Indo-Canadian journo assaulted for criticising pro-Khalistan elements
Deepak Punj was assaulted by a group of three persons, for apparently criticising pro-Khalistan elements in Canada.
An Indo-Canadian mediaperson and host of a Punjabi-language talk show network in the Greater Toronto Area (GTA) was assaulted by a group of three persons, for apparently criticising pro-Khalistan elements in Canada.
Deepak Punj, host of Frontline Radio, was accosted by three young men at around 12.30pm local time on Wednesday, while he was preparing to enter the building housing his studio.
The day prior, he had featured a show during which he had criticised the display of Khalistan flags and anti-India slogans during a vigil in Brampton, a GTA town, on Sunday.
That, he told the Hindustan Times, appeared to be the provocation for the attack. “They asked me if I did a show on this topic, and then attacked me.”
One of the as yet unidentified assailants was armed with a handgun, while another hit Punj on the head with an empty beer bottle and punched him.
Punj said he reported the assault to local law enforcement and it was being investigated.
He said the attackers spoke to him in English and Punjabi, and he provided the police with the last three digits of the licence plate of the vehicle they were travelling in as well as its make.
“I’m being harassed because I’m from Punjab and I oppose Khalistan,” he said.
Punj said he also criticised New Democratic Party (NDP) leader Jagmeet Singh on his programme for his hypocrisy. He said while Singh had repeatedly supported the anti-farm laws protests in India, when it came to the truckers’ strike in Ottawa, he not only opposed that agitation but even helped the minority Liberal Government pass the Emergencies Act through the House of Commons.

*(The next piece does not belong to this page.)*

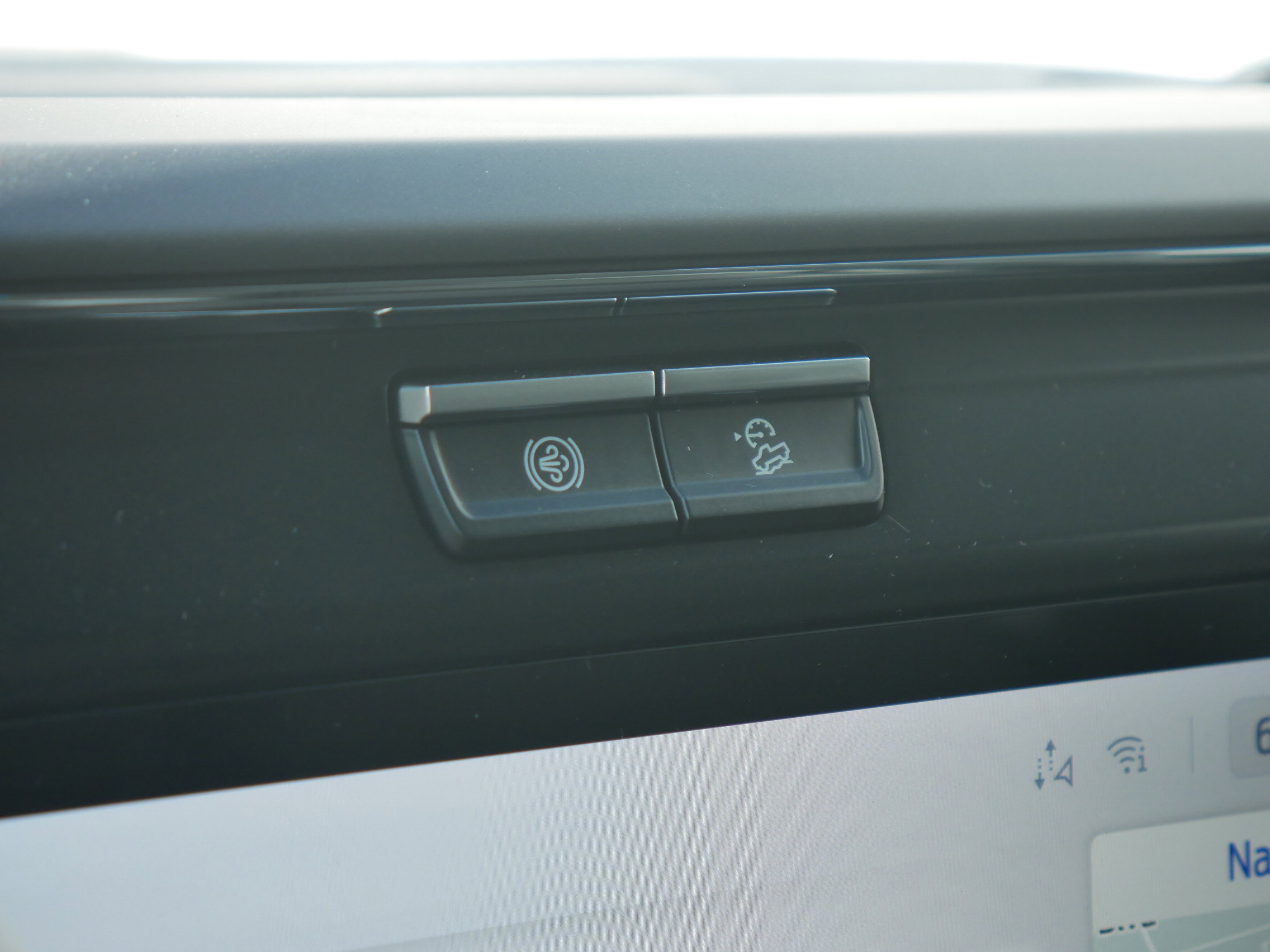 New 2025 Ford F350 Lariat w/ Lariat Ultimate Package image 11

The trigger for Punj’s programme was the vigil at Brampton City Hall on Sunday, which has already drawn the ire of the Indian government.
India has formally expressed “serious concern” over the appearance of Patrick Brown, Brampton’s mayor, at the vigil, in a diplomatic representation or demarche to Global Affairs Canada, the country’s foreign ministry.

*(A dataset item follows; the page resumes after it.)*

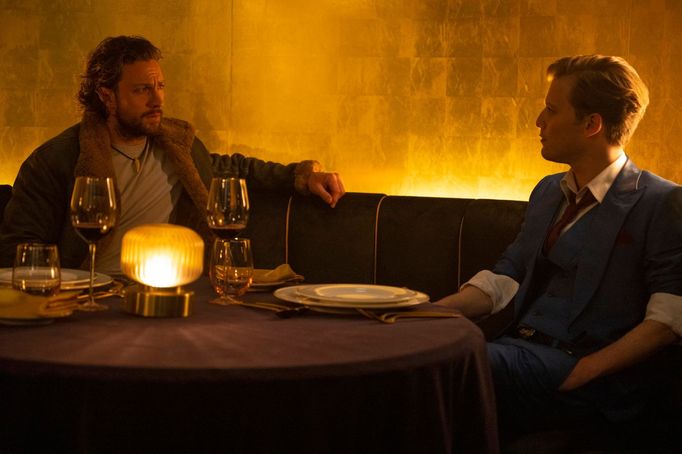 Aaron Taylor-Johnson jako Kraven a Fred Hechinger coby Dmitrij.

The vigil was for Deep Sidhu, who emerged as a significant figure during the anti-farm laws protests in India, was arrested for violence at Red Fort on Republic Day last year, and died in an accident this month. The event was organised by Brampton councillor Harkirat Singh.
India’s concern was related to flags of the secessionist Khalistan movement being seen in the backdrop to Brown’s speech, as other attendees held placards reading #IndiaKills.
The demarche denounced Brown’s reference to the farmers’ protests as interference in India’s internal affairs, particularly at a time when an emergency has been imposed at the national and provincial levels in Canada to counter an agitation by truckers.
Responding to queries sent to Brown’s office on Tuesday, a spokesperson for the mayor said, “Mayor Brown was invited to speak at a vigil by local Brampton residents. This was a vigil, not an anti-India protest. Mayor Brown has visited India on 20 occasions and from 2006-14 was the Chair of the Canada-India Parliamentary Association.”
But like many Indo-Canadians who were incensed with Brown attending and addressing the vigil, Punj believes otherwise, as, he said, the vigil featured “anti-India stuff”.